0

I want to use GrafFrames package with Pyspark in my Foundry code repository.
As mentioned here: https://www.palantir.com/docs/foundry/transforms-python/environment-troubleshooting/#packages-which-require-both-a-conda-package-and-a-jar

I included graphframes package into list of conda libraries to be installed, but I also need to install server-side jar whent the spark session is initialized.
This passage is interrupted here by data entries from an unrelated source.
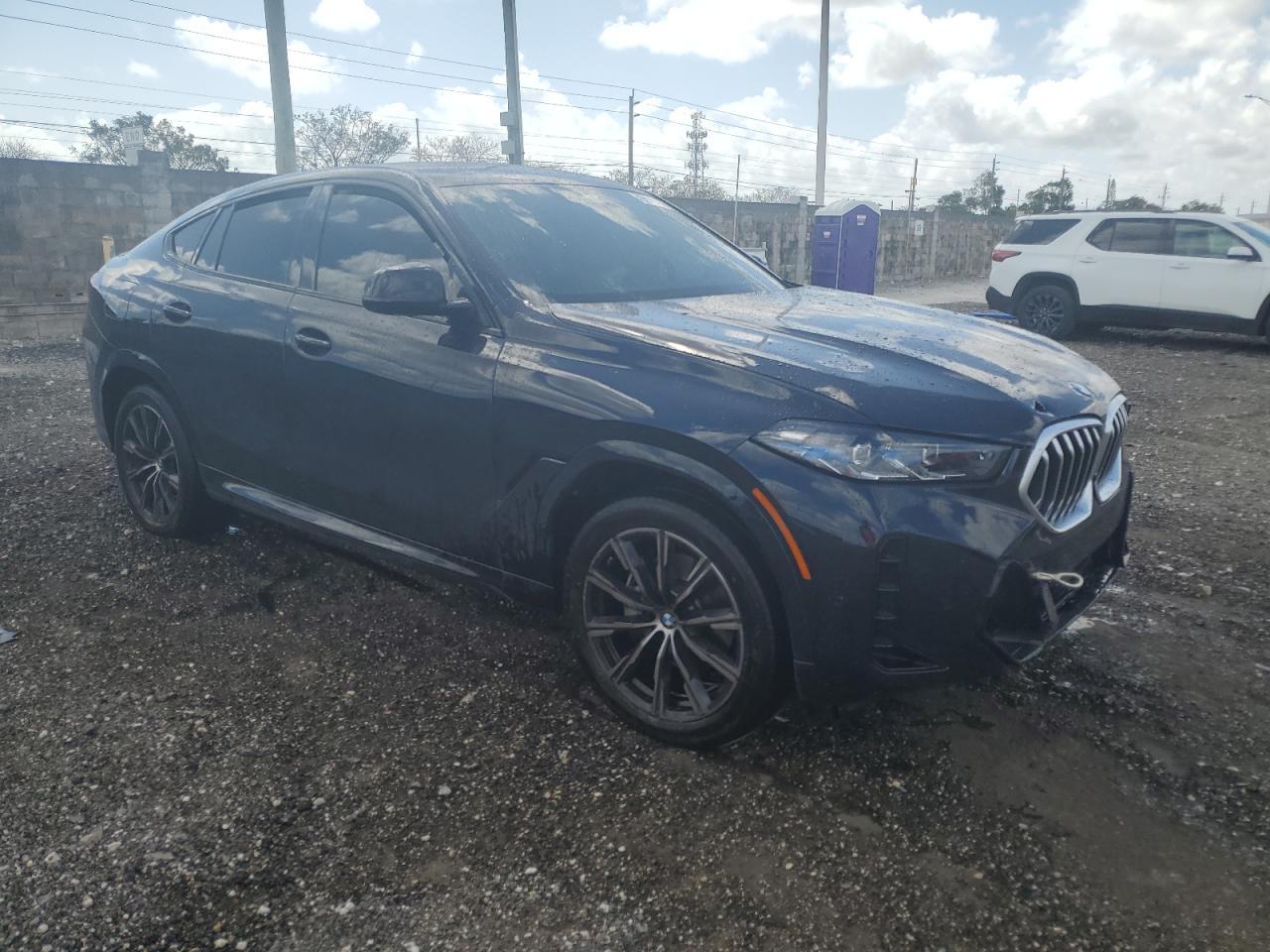 2024 BMW X6 XDRIVE4 - Фото 4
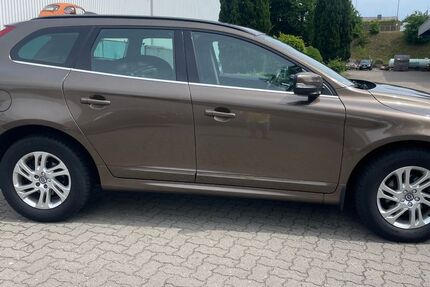 Volvo XC60 147.000 km 15.500 &euro; Kiel 24113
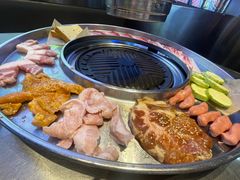 -哈哈碳都·牛肋条无限自助烤肉(台江万达店)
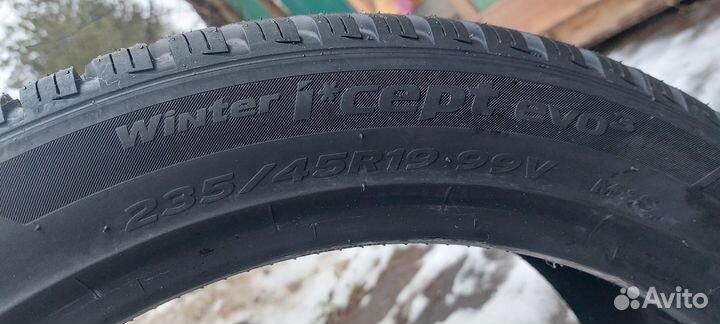 Hankook Winter I'Cept Evo 3 W330 235/45 R19 99V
So I go to transforms-python/build.gradle and I have the following code:

// DO NOT MODIFY THIS FILE
buildscript {
    repositories {
        maven {
            credentials {
                username ''
                password project.transformsBearerToken
            }
            authentication {
                basic(BasicAuthentication)
            }
            url project.transformsMavenProxyRepoUri
        }
    }

    dependencies {
        classpath "com.palantir.transforms:transforms-gradle-plugin:${transformsVersion}"
    }
}

apply plugin: 'com.palantir.transforms-defaults'

dependencies { 
    condaJars 'graphframes:graphframes:0.8.1-spark3.0-s_2.12' 
}

Then I save changes, I reload the page to apply changes, but then I get a code assist error:

FAILURE: Build failed with an exception.

* Where:

Build file '/scratch/standalone/1c8fbb49-de4d-4c21-8081-47c92748189a/code-assist/contents/build.gradle' line: 24

* What went wrong:

A problem occurred evaluating root project 'feature-generation'.

> Could not find method condaJars() for arguments [graphframes:graphframes:0.8.1-spark3.0-s_2.12] on object of type org.gradle.api.internal.artifacts.dsl.dependencies.DefaultDependencyHandler.

* Try:

Run with --info or --debug option to get more log output. Run with --scan to get full insights.

Does anyone have any idea why and how to fix this?

Grigory Sharkov
  • 121
  • 1
  • 8

1 Answers1

1

Almost there. The link you provided has the clue:

Select the option to Show hidden files and folders in the Settings cog, and select the inner transforms-python/build.gradle file. At the bottom of the file, add the following block:

  1. Check that the version of the jar is equal to what you've added through Conda/Pypi - conda has the most recent version of 0.7.32 whereas Pypi has 0.6.
  2. Move the dependencies entry to the inner build.gradle.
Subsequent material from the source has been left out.